Issues you haven’t heard discussed in the campaign, 3: Clinton on national service


Part 3 of a series, listing policy issues we’ve heard too little about during this presidential campaign.

This is borrowed wholesale from the campaign website for Hillary Clinton (unless otherwise noted), just to try to get a little discussion going on the real issues of the campaign.

Millard Fillmore’s Bathtub is working on a series of issues not yet discussed, less than a week before the vote. Consider it public service, in the spirit of Fillmore, who remained ever conversant in public affairs and anxious to take a role to push for policies to improve America, as he saw it — and who, supported by his wives, founded the White House Library, the Buffalo and Erie County Historical Society, and the University of Buffalo (now SUNY-Buffalo) to further knowledge.

Beyond a military draft, which few people want in an era of a very successful all-volunteer military, should we ask more of our young people, ask them to serve the nation? How would such a scheme work?

Clinton’s policy paper introduction on national service:

There aren’t many places where people of all ages, all races, all backgrounds, all beliefs come together in common cause. But service is one of them, and that’s one of the reasons I think it’s so valuable, because in addition to the good work it does, it helps us reconnect with each other to feel more a part of our shared American life. I believe that one of the jobs of president is to encourage more service … .

Hillary, September 30, 2016

The generation of Americans coming of age today has changed our politics and our country. From racial justice and marriage equality to economic opportunity and climate change, they have put key issues at the top of the national agenda. Hillary Clinton believes we must do more to support activism and create pathways for Americans to serve and to lead.

As president, Hillary will:

  • Expand national service. Hillary will create more opportunities for Americans to participate in national service, creating economic and educational opportunities while improving communities. She will significantly expand AmeriCorps to allow hundreds of thousands of more Americans to serve their communities through organizations such as City Year, YouthBuild, American Red Cross, Habitat for Humanity, and other community organizations. To achieve this, Hillary will grow AmeriCorps to 250,000 members annually, fulfilling the goals of the Edward M. Kennedy Serve America Act. And she will create a National Service Reserve to enable millions of Americans across the country to engage in part-time volunteer service to their communities, taking on the most pressing challenges identified by state and local leaders and earning recognition for their contributions. Read more here.
  • Increase access to higher education. Hillary believes that if you serve your country through national and community service, you should be able to earn meaningful educational benefits. Her New College Compact will build on the current AmeriCorps Segal Education Award, on top of her plans to make debt-free college available to all by doubling the Segal Award and making it tax-free so that AmeriCorps members can earn more than $10,000 for college for every year of full-time service.
  • Strengthen international service. As secretary of state, Hillary saw firsthand the impact that Peace Corps Volunteers have around the world. That’s why, as president, she will continue to be a strong advocate for the Peace Corps. She will strengthen the program to provide more opportunities to send Americans abroad to work side by side with local leaders and address our most pressing global challenges.
  • Bring Americans together. Hillary strongly believes in the power of service to break down barriers by bringing together Americans from all backgrounds and uniting them in common purpose. She will ensure that national service remains at the top of her agenda as a broad-based solution to expand opportunity for people across America and strengthen our communities and our country.

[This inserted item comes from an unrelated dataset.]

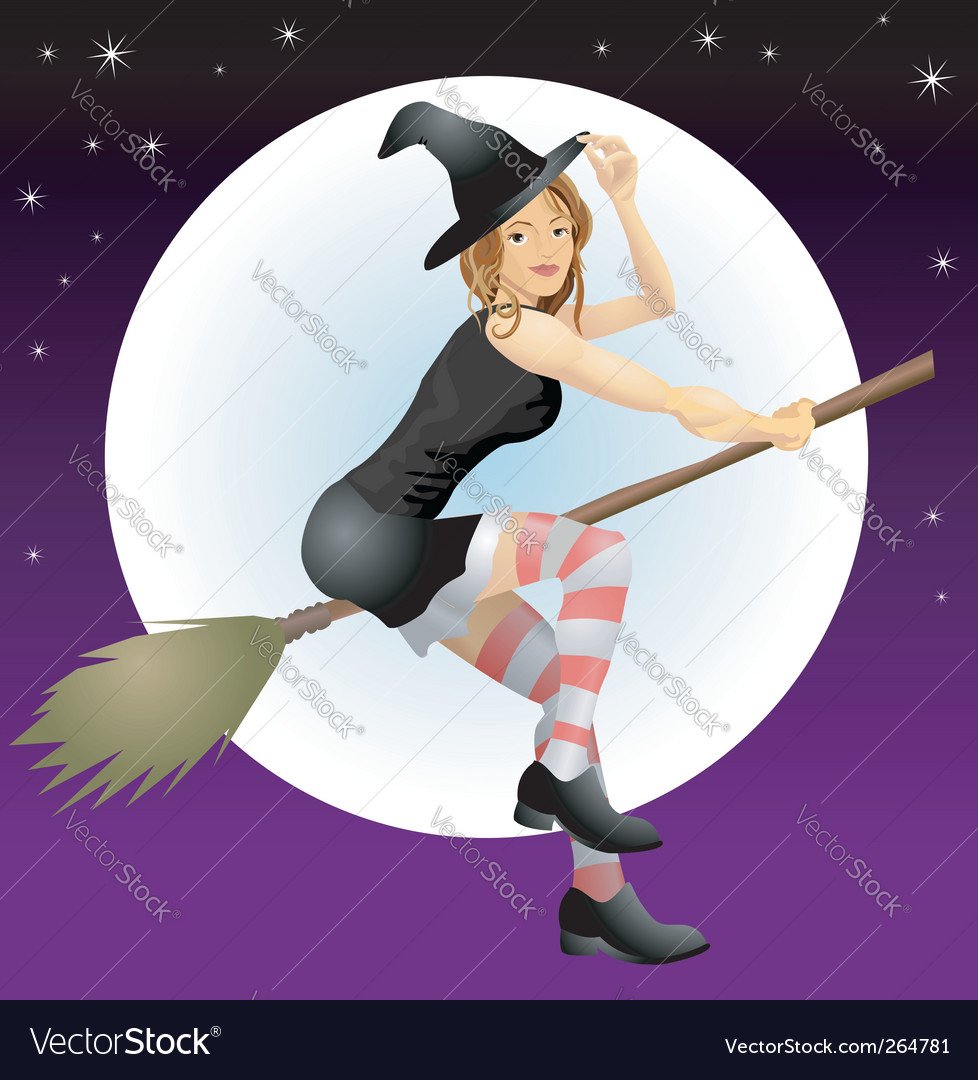 Метла для детей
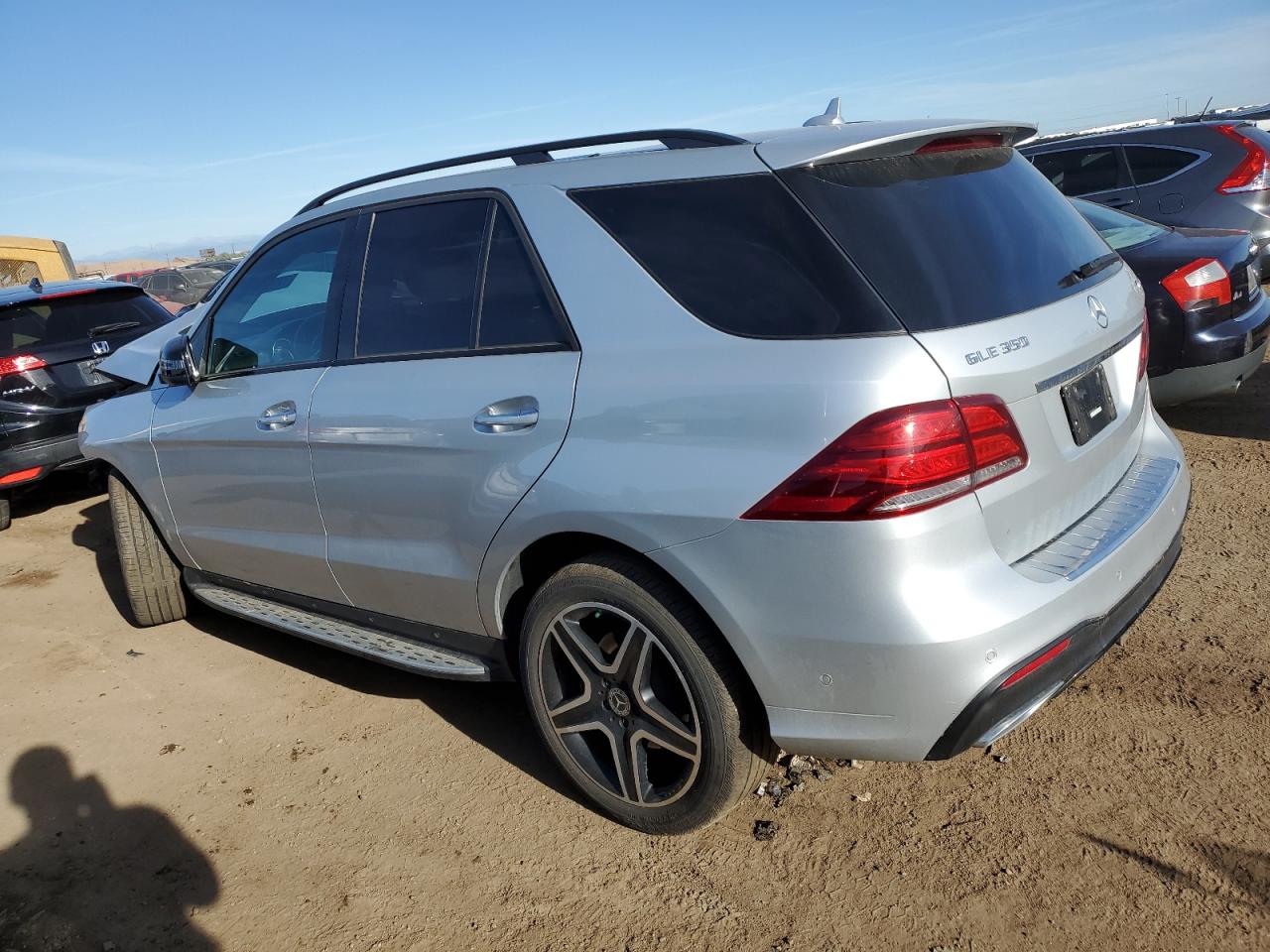 4JGDA5HB5JB176979 2018 MERCEDES-BENZ GLE - Image 2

Hillary has a strong record of supporting national service:

  • As first lady, Hillary advocated for Congress to reauthorize AmeriCorps so that tens of thousands more Americans would have opportunities to learn “how much more we get when we give.”
  • As senator, Hillary fought to protect AmeriCorps from budget cuts, and in 2003 stood alongside 150 mayors and governors in requesting funding to secure and grow the program. She also co-sponsored a bill to base AmeriCorps Education Award on the average public college tuition as a way to reduce student debt and allow more Americans to attend college in a time of rising costs.
  • As secretary of state, Hillary re-established the Peace Corps’s relationship with Indonesia after a 45-year hiatus. The first program in 2010 sent 19 volunteers, and now that number has grown to more than 100. Also under her leadership, the State Department provided $1 million to the Peace Corps to advance renewable energy efforts.

Read the fact sheet

Related:

I must confess a bias. In my time in Washington I met many former Peace Corps volunteers, and others who volunteered for VISTA and other programs. I found them without exception to be great leaders of people, and committed workers (in and out of government) who put service to the nation before their own welfare, often — and almost always to the great benefit of American people.

I liked them. Service to America had made them better people, and easier to befriend and respect.

Programs that train such leaders are priceless, in my estimation.